## About this exercise:
Skip the pictures and write out, word for word, the lines below from the one with "AstroDomina - A Robbers Affair Part 2" through the one with "Chieang Mai 'deki", inclusive.

--- Data to use ---

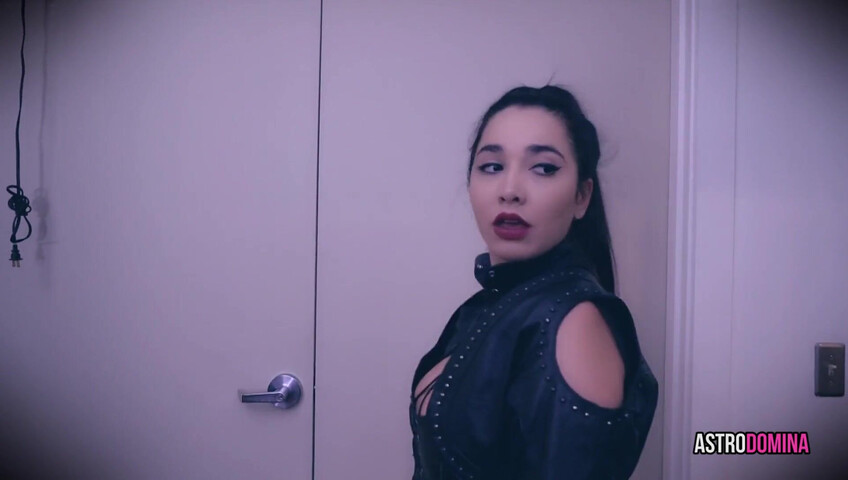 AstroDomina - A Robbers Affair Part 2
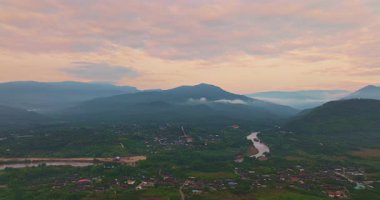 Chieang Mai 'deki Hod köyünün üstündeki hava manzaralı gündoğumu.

---
--- Data to use ---

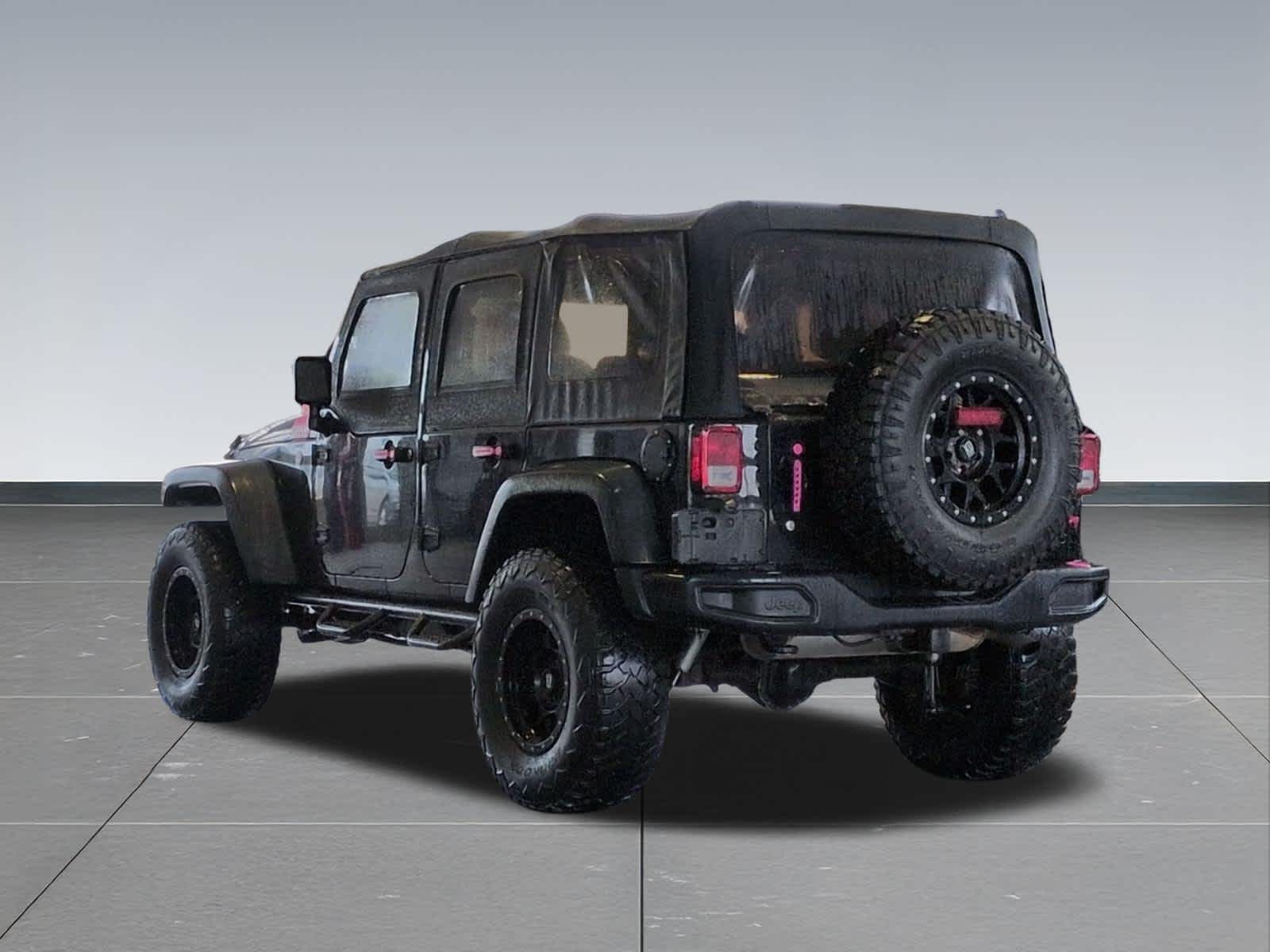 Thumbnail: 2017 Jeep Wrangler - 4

---

## Expected output:
 AstroDomina - A Robbers Affair Part 2
 Chieang Mai 'deki Hod köyünün üstündeki hava manzaralı gündoğumu.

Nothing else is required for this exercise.